Sąd orzekający w niniejszej sprawie zgadza się ze stanowiskiem zawartym w ww. wyroku Sądu Najwyższego i jednocześnie wskazuje, że rozwiązanie stosunku pracy przez jednego ze wspólników lub na mocy sporządzonego przez niego pełnomocnictwa (spółka przedłożyła do akt stosowne pełnomocnictwo, a fakt jego udzielenia potwierdziła w swoich zeznaniach także świadek A. P.), w szczególności w przypadku zatrudnienia dużej ilości pracowników (co miało miejsce w pozwanej spółce), nie może być uznane za czynność przekraczającą zakres zwykłych czynności. Czynności przekraczające zwykły zakres zostały przykładowo wymienione w KRS pozwanej spółki i niewątpliwie ich ranga (z punktu widzenia spółki, bo z takiej perspektywy, skoro jest to czynność spółki, należy to oceniać) jest znacznie wyższa niż rozwiązania umowy o pracę z pracownikiem. Podkreślić również należy, że także z zeznań K. K. (1) wynikało, iż to właśnie ona wykonywała w spółce czynności z zakresu prawa pracy, to jest zawierała umowy o pracę i rozwiązywała stosunki pracy. Koresponduje to z zeznaniami drugiego wspólnika P. Ł., który wskazał, że zakres jego czynności w spółce jest bardzo ograniczony, a także z treścią samych umów o pracę, które w imieniu spółki zawierała z powódką K. K. (1). Należy nadto zwrócić uwagę na treść art. 3 1 §1 k.p., w myśl którego za pracodawcę będącego jednostką organizacyjną czynności z zakresu prawa pracy dokonuje osoba lub organ zarządzający tą jednostką albo inna wyznaczona do tego osoba. W przypadku pozwanej spółki była to K. K. (1), która była do tego nie tylko uprawniona w myśl ww. art. 29 §1 i 2 k.s.h., ale też i faktycznie zarządzała spółką.

W konsekwencji Sąd przyjął, że do rozwiązania stosunku pracy doszło w dniu 10 czerwca 2015 r., a oświadczenie doręczone powódce drogą pocztową dzień później należy uznać za nieskuteczne, albowiem nie istniał już stosunek pracy, który mógłby ulec rozwiązaniu.

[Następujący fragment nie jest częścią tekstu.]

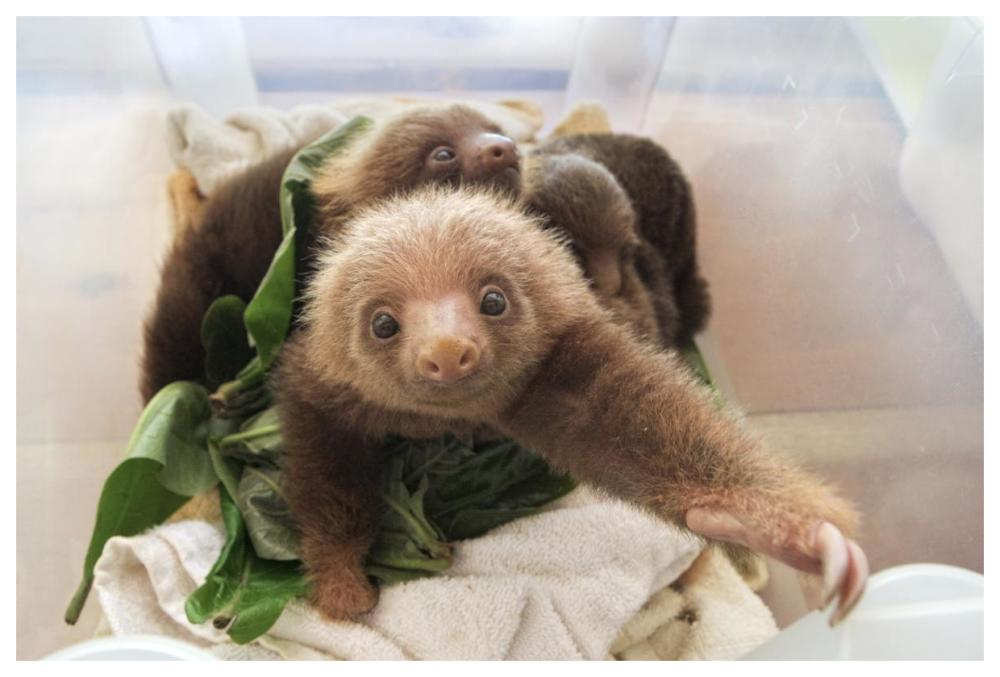 Hoffmann's Two-toed Sloth orphaned babies, Aviarios Sloth Sanctuary, Costa Rica-Paper Art-62"x42"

Podstawę rozwiązania z powódką umowy o pracę stanowił art. 52 § 1 pkt 1 k.p., zgodnie z którym pracodawca może rozwiązać umowę o pracę bez wypowiedzenia z winy pracownika w razie ciężkiego naruszenia przez niego podstawowych obowiązków pracowniczych. Naruszenie obowiązków pracowniczych stanowi podstawę rozwiązania umowy o pracę bez wypowiedzenia w oparciu o art. 52 § 1 pkt 1 k.p. tylko wówczas, gdy dotyczy obowiązków podstawowych i jednocześnie jest ciężkie, przy czym ocena czynu pracownika jako ciężkiego naruszenia podstawowych obowiązków pracowniczych zależy w dużym stopniu od okoliczności faktycznych każdego konkretnego przypadku.

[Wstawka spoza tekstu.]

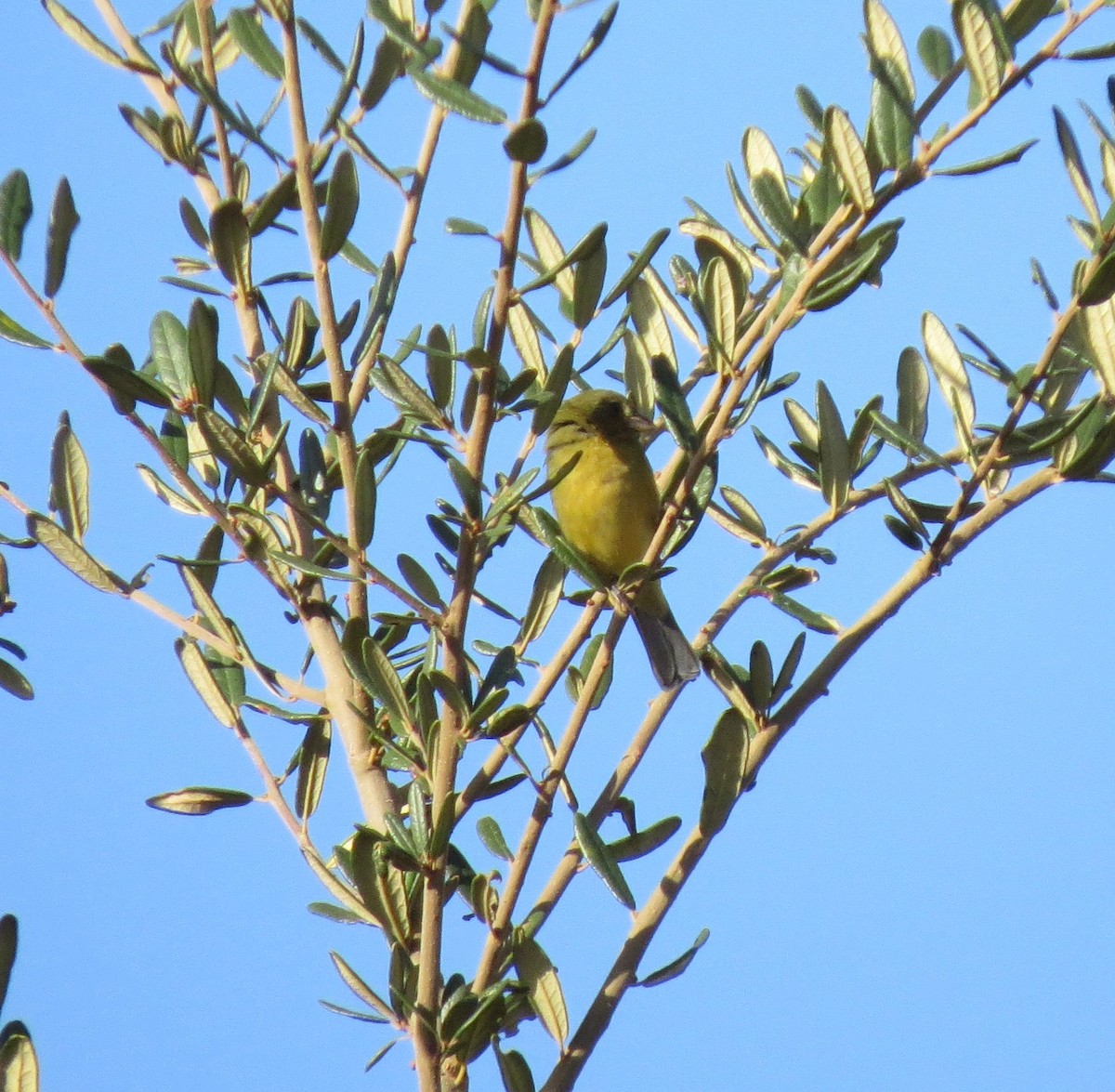 Painted Bunting - ML645891807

Do powszechnych (występujących w każdym stosunku pracy) obowiązków o charakterze podstawowym zalicza się, zarówno w doktrynie jak i w orzecznictwie, te wymienione w art. 100 k.p., a także wskazane w regulaminie pracy, którym pracodawca nadał charakter podstawowy oraz te, których przymiot podstawowych wynika z rodzaju wykonywanej pracy oraz zajmowanego stanowiska (tak m.in. orzeczenie Sądu Najwyższego z dnia 2 czerwca 1997 r., sygn. I PKN 193/97 oraz orzeczenie Sądu Najwyższego z dnia 19 sierpnia 1999 r., sygn. I PKN 188/99, a także orzeczenie Sądu Najwyższego z dnia 24 maja 2001 r., sygn. I PKN 400/2000 i orzeczenie Sądu Najwyższego w sprawie I PK 153/2004).

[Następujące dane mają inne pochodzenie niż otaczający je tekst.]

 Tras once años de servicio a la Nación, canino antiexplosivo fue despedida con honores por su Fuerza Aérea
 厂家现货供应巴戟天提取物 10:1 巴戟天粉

Zarzut ciężkiego naruszenia podstawowych obowiązków pracowniczych jest zasadny tylko wtedy, gdy zachowanie pracownika jest bezprawne, rażąco niewłaściwe, a zarazem można przypisać mu winę kwalifikowaną, tj. jego zachowanie wynika ze złej woli lub rażącego niedbalstwa. Jak wskazał Sąd Najwyższy w wyroku z dnia 27 października 2010 r. (sygn. III PK 21/10) rażące niedbalstwo jako element ciężkiego naruszenia podstawowych obowiązków pracowniczych (art. 52 § 1 pkt 1 k.p.), jest postacią winy nieumyślnej, której nasilenie wyraża się w całkowitym ignorowaniu przez pracownika następstw jego działania, jeżeli rodzaj wykonywanych obowiązków lub zajmowane stanowisko nakazują szczególną przezorność i ostrożność w działaniu. Natomiast wina umyślna wyraża się w tym, że pracownik chce przez swoje zachowanie wyrządzić szkodę pracodawcy lub co najmniej świadomie się na to godzi.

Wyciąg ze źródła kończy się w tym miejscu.